Theorem 11 Let \(Y_n\) be a sequence of random variables that satisfies \(\sqrt{n}(Y_n - \theta) \to \text{n}(0, \sigma^2)\) in distribution. For a given function \(g\) and a specific value of \(\theta\), suppose that \(g'(\theta) = 0\) and \(g''(\theta)\) exists and is non-zero. Then \[\sqrt{n}[g(Y_n) - g(\theta)] \to \text{n}(0, \sigma^2[g'(\theta)]^2)\] in distribution.

Furthermore, as both \(\bar Y\) and \(S^2\) are consistent estimators, we can again apply Slutsky’s Theorem to conclude that \[\sqrt{n}[g(Y_n) - g(\bar Y)] \to \text{n}(0, S^2[g'(\bar Y)]^2)\]

If \(g'(\theta) = 0\) then we take the next term in the Taylor series.

Proof The Taylor expansion of \(g(Y_n)\) around \(Y_n = 0\) is \[g(Y_n) = g(\theta) + g'(\theta) (Y_n - \theta) + \text{Remainder},\] where the remainder \(\to 0\) as \(Y_n \to \theta\). Since \(Y_n \to \theta\) in probability it follows that the remainder \(\to 0\) in probability. By applying Slutsky’s Theorem to \[\sqrt{n}[g(Y_n) - g(\theta)] = g'(\theta)\sqrt{n}(Y_n-\theta),\] the result now follows.
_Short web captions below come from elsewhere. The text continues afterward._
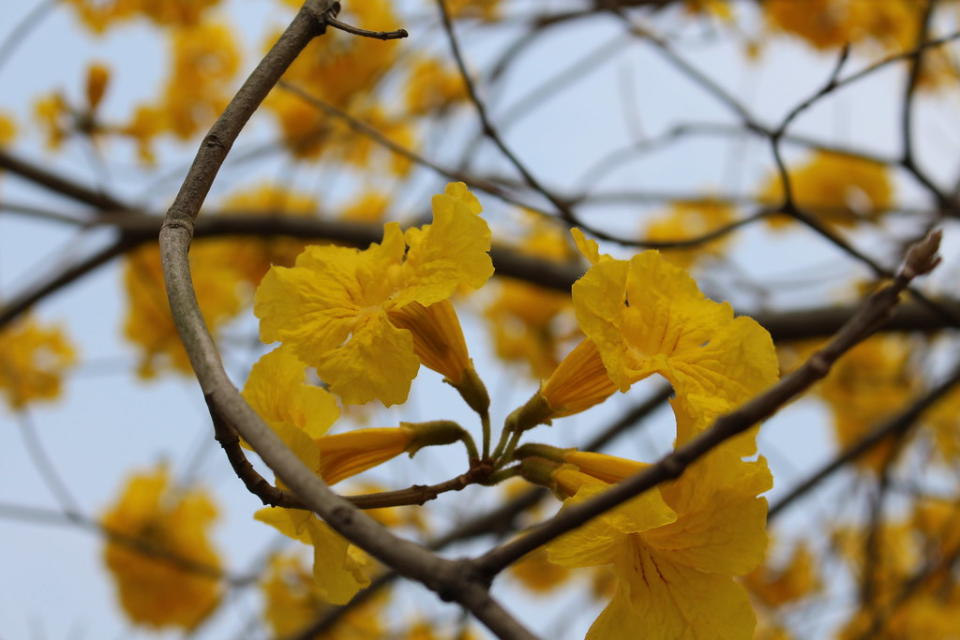 黃花風鈴木(Photo Credit: Chi-Hung Lin@Flickr, License: CC BY-SA 2.0，圖片來源：https://www.flickr.com/photos/92585929@N06/16562620450)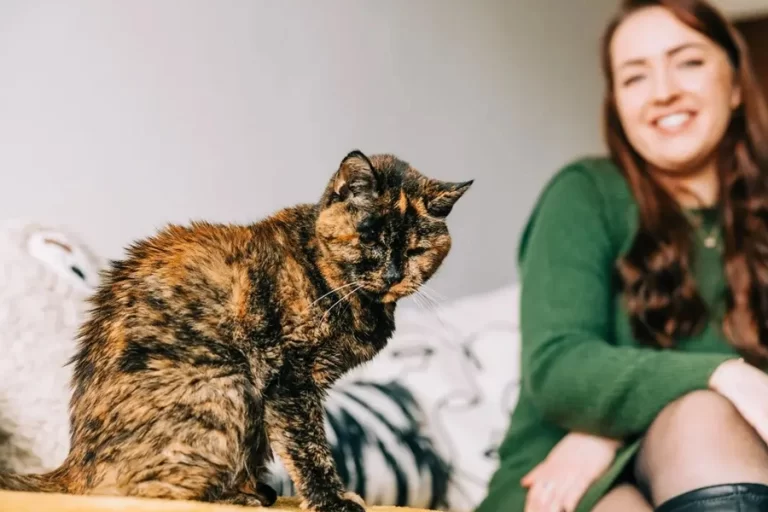 gata mais velha do mundo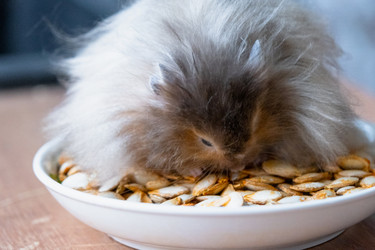 Similar image 22437219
The second-order Delta Method

If \(g'(\theta) = 0\), we take one more term in the Taylor expansion to get \[g(Y_n) = g(\theta) + g'(\theta)(Y_n -\theta) +\frac{g''(\theta)}{2} (Y_n -\theta)^2 + \text{Remainder}.\] If we do some rearranging (setting \(g' = 0\)), we have \[ g(Y_n) -g(\theta) = \frac{g''(\theta)}{2} (Y_n -\theta)^2 + \text{Remainder}.\] Now recall that the square of a \(n(0, 1)\) is a \(\chi_1^2\) , which implies that \[\frac{n(Y_n-\theta)^2}{\sigma^2}\to\chi_1^2\] in distribution. Therefore,

(Second-order Delta Method) Let \(Y_n\) be a sequence of random variables that satisfies \(\sqrt{n}(Y_n -\theta) \to n(0, \sigma^2)\) in distribution. For a given function \(g\) and a specific value of \(\theta\), suppose that \(g'(\theta)=0\) and \(g''(\theta)\) exists and is not \(0\). Then \[n[g(Y_n) -g(\theta)]\approx n\frac{g''(\theta)}{2} (Y_n -\theta)^2\to \sigma^2\frac{g''(\theta)}{2}\chi_1^2\] in distribution.

Multivariate Delta Method

Note that we must deal with multiple random variables although the ultimate CLT is a univariate one. Suppose the vector-valued random variable \(\mathbf X=(X_1,\cdots, X_p)\) has mean \(\boldsymbol\mu = (\mu_1, \cdots , \mu_p)\) and covariances \(Cov(X_i, X_j) = \sigma_{ij}\), and we observe an independent random sample \(\mathbf X_1, \cdots, \mathbf X_n\) and calculate the means \[\bar X_i = \frac{1}{n}\sum_{k=1}^{n}X_{ik},\quad i=1,\cdots,p\] For a function \(g(\mathbf x) = g(x_1, \cdots, x_p)\) we can write \[g(\bar x_1, \cdots, \bar x_p) = g(\mu_1, \cdots, \mu_p) + \sum_{k=1}^{p}g'_k(\mathbf x)(\bar x_k - \mu_k),\] and we then have the following theorem:

Multivariate Delta Method Let \(\mathbf X_1, \cdots, \mathbf X_n\) be a random sample with \(E(X_{ij})=\mu_i\) and \(Cov(X_{ik}, X_{jk}) = \sigma_{ij}\) . For a given function \(g\) with continuous first partial derivatives and a specific value of \(\boldsymbol\mu = (\mu_1, \cdots , \mu_p)\) for which \[\tau^2=\sum\sum\sigma_{ij}\frac{\partial g(\boldsymbol\mu)}{\partial{\mu_i}}\frac{\partial g(\boldsymbol\mu)}{\partial{\mu_j}}>0,\] \[\sqrt{n}\big[g(\bar x_1,\cdots,\bar x_p)-g(\mu_1,\cdots,\mu_p)\big]\to n(0,\tau^2)\;\;\text {in distribution}\]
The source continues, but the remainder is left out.